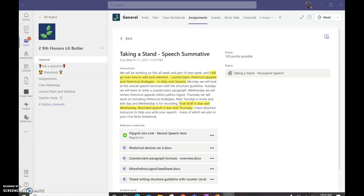You will notice that, in your assignments, this assignment popped up yesterday, taking a stand speech summative. So, you are going to be using the data you collected over the last few days to use in your summative. Please read the directions carefully, so you know what we're going to be doing. But, we're going to be working on this all week and part of next week, and I will go over how to add each element, counterclaim, rhetorical appeals, and rhetorical strategies, in daily mini-lessons.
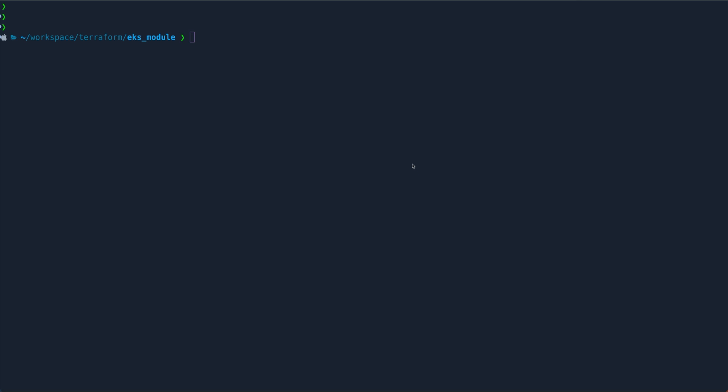So the first question is: why do we want to use a module from Terraform rather than write everything on our own? For simpler infrastructure it's better to write your own Terraform templates, but when things get complex — like an EKS cluster where you have to create so many things — chances are that if you start writing everything from scratch, either it will take you a lot of time or you'll forget to build something. It basically increases the time to get your infrastructure up and running.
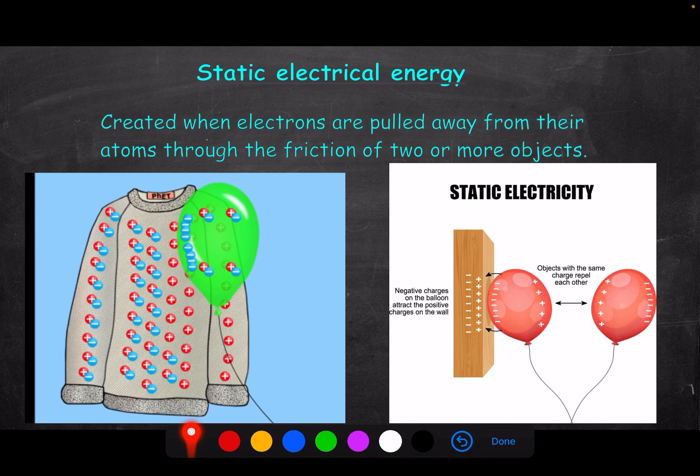Each atom in the jersey could have, say, 40 electrons, and only one needs to be removed for it to become positive — not all electrons are taken. The balloon only gained some extra electrons, but because it now has more electrons than it started with its overall charge is negative, while the jersey's overall charge is positive. It's just one electron per atom, but across trillions of atoms that's trillions of electrons.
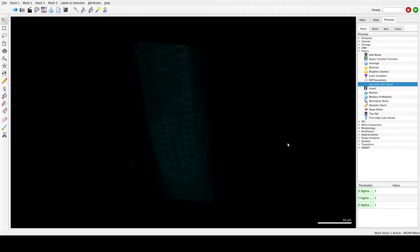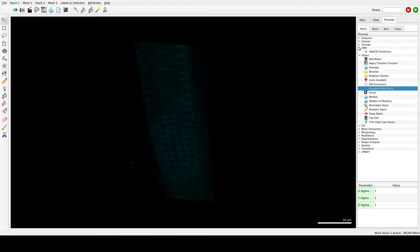Since 3D segmentation is quite difficult, MorphoGraphX uses a CNN add-on that can be used to process stacks and recognize structure using convolutional neural network deep learning tools, and this can greatly improve the segmentation results. Note that this add-on requires CUDA and it can be downloaded from morphographics.org/software. We can select CNN here.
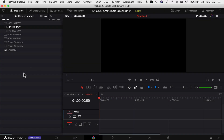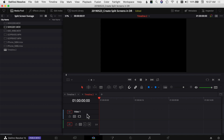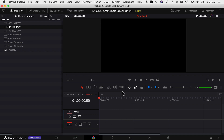I've got all my footage here in DaVinci Resolve. The first thing I want to do is bring my video clips from my bin over into my timeline. I want to have each video clip on its own video track, and I don't need the audio, so I'm gonna go through and just add the video clips into my timeline.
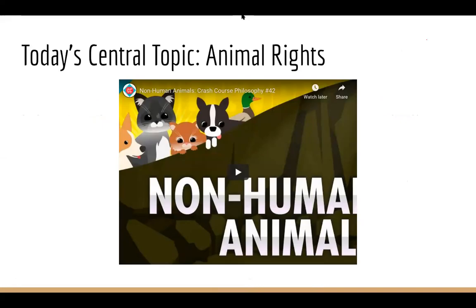The central topic today that we're going to discuss is animal rights. Animal rights is a very prevalent question in applied ethics — which is just ethics applied to the real world. The reason we're going over animal rights is that, first of all, it's not too controversial. But second of all, it's something we encounter in our day-to-day lives. Most cultures normalize eating meat; however, it's really hard to justify eating meat, and we're trying to bridge that moral gap.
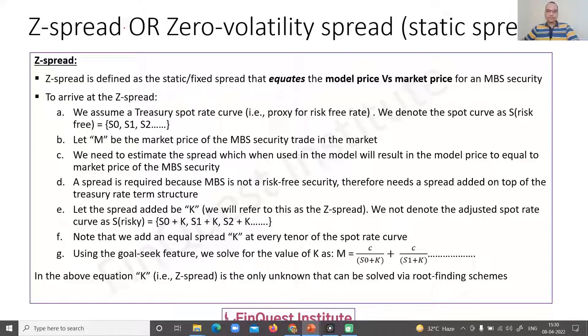We are going to study a couple of ideas: one which we call as a Z-spread, and second is OAS, or what we call as an option adjusted spread. These are related concepts.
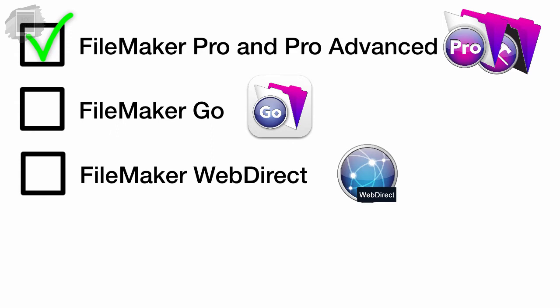However, if your client was free, like a web browser for WebDirect, or you download FileMaker Go for free from Apple's App Store, you will need to make sure a connection license has been purchased and installed on the FileMaker Server that you're going to be working with.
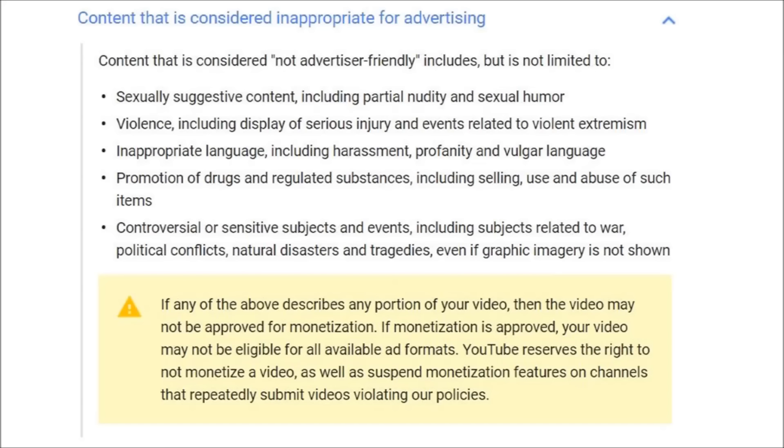So what exactly does this mean? Well it means content creators now have to conform to a bland child friendly template. No sexual humor, no inappropriate language, profanity or vulgar language, no controversial or sensitive subjects, including subjects related to war, political conflicts, natural disasters and tragedies. I mean fuck, what can we talk about?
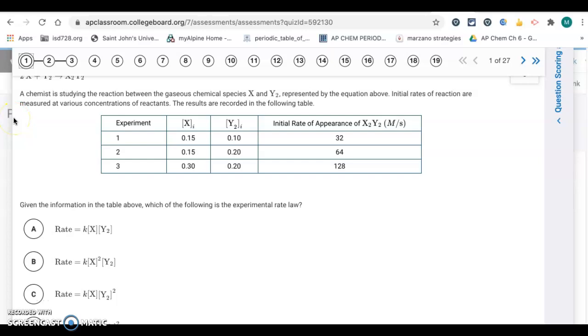This is the answer key for the Unit 5 Progress Check multiple choice questions. There are 27 of these, so we'll see if we get them done in one shot, otherwise it might take a couple.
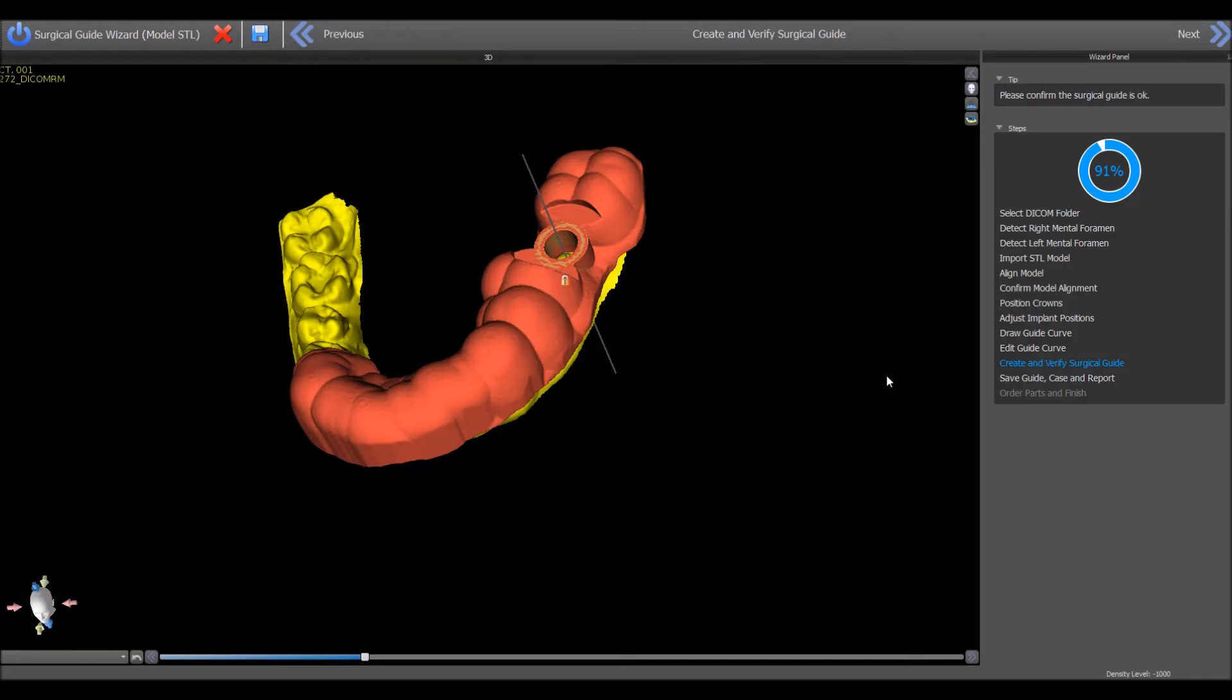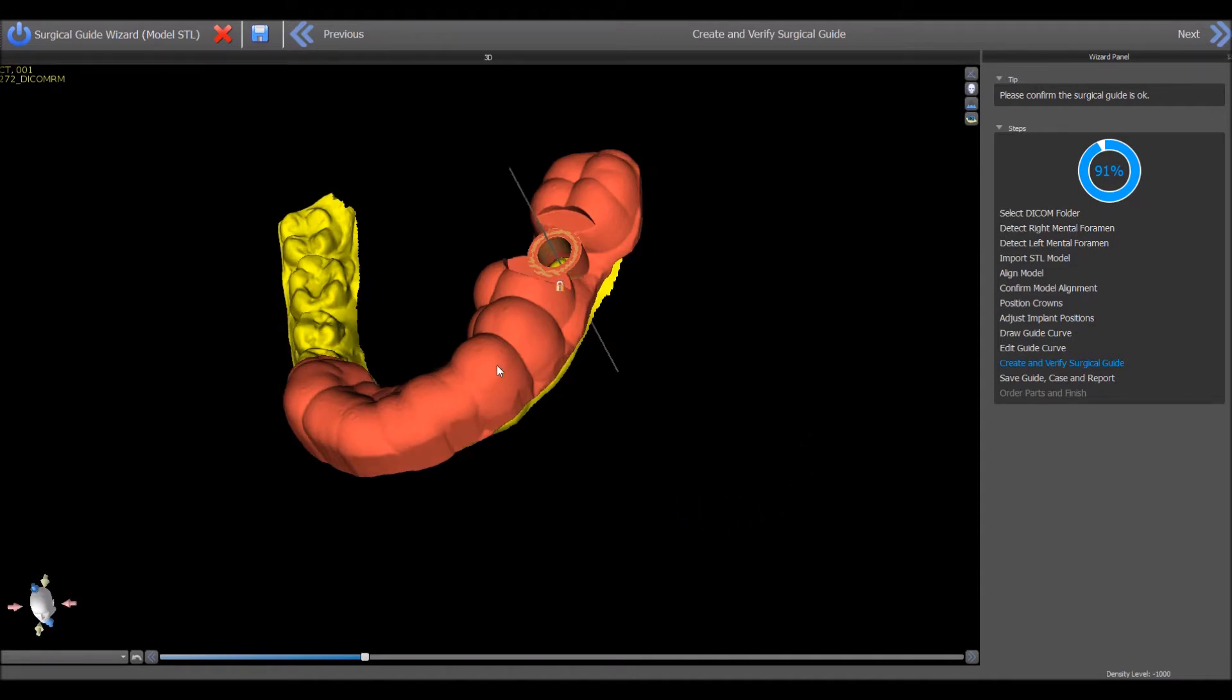We have gone through the wizard process and have reached the step where the surgical guide is visible on the screen. Move your mouse to the location on the surgical guide where you would like to add a window. Right click on the surgical guide and select add window.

## TASK REQUIREMENTS:
Taking each record in turn, retype it exactly and drop any picture.

## EXERCISE RESULT:
You will notice that, in your assignments, this assignment popped up yesterday, taking a stand speech summative. So, you are going to be using the data you collected over the last few days to use in your summative. Please read the directions carefully, so you know what we're going to be doing. But, we're going to be working on this all week and part of next week, and I will go over how to add each element, counterclaim, rhetorical appeals, and rhetorical strategies, in daily mini-lessons.
So the first question is: why do we want to use a module from Terraform rather than write everything on our own? For simpler infrastructure it's better to write your own Terraform templates, but when things get complex — like an EKS cluster where you have to create so many things — chances are that if you start writing everything from scratch, either it will take you a lot of time or you'll forget to build something. It basically increases the time to get your infrastructure up and running.
Each atom in the jersey could have, say, 40 electrons, and only one needs to be removed for it to become positive — not all electrons are taken. The balloon only gained some extra electrons, but because it now has more electrons than it started with its overall charge is negative, while the jersey's overall charge is positive. It's just one electron per atom, but across trillions of atoms that's trillions of electrons.
Since 3D segmentation is quite difficult, MorphoGraphX uses a CNN add-on that can be used to process stacks and recognize structure using convolutional neural network deep learning tools, and this can greatly improve the segmentation results. Note that this add-on requires CUDA and it can be downloaded from morphographics.org/software. We can select CNN here.
I've got all my footage here in DaVinci Resolve. The first thing I want to do is bring my video clips from my bin over into my timeline. I want to have each video clip on its own video track, and I don't need the audio, so I'm gonna go through and just add the video clips into my timeline.
The central topic today that we're going to discuss is animal rights. Animal rights is a very prevalent question in applied ethics — which is just ethics applied to the real world. The reason we're going over animal rights is that, first of all, it's not too controversial. But second of all, it's something we encounter in our day-to-day lives. Most cultures normalize eating meat; however, it's really hard to justify eating meat, and we're trying to bridge that moral gap.
We are going to study a couple of ideas: one which we call as a Z-spread, and second is OAS, or what we call as an option adjusted spread. These are related concepts.
However, if your client was free, like a web browser for WebDirect, or you download FileMaker Go for free from Apple's App Store, you will need to make sure a connection license has been purchased and installed on the FileMaker Server that you're going to be working with.
So what exactly does this mean? Well it means content creators now have to conform to a bland child friendly template. No sexual humor, no inappropriate language, profanity or vulgar language, no controversial or sensitive subjects, including subjects related to war, political conflicts, natural disasters and tragedies. I mean fuck, what can we talk about?
This is the answer key for the Unit 5 Progress Check multiple choice questions. There are 27 of these, so we'll see if we get them done in one shot, otherwise it might take a couple.
We have gone through the wizard process and have reached the step where the surgical guide is visible on the screen. Move your mouse to the location on the surgical guide where you would like to add a window. Right click on the surgical guide and select add window.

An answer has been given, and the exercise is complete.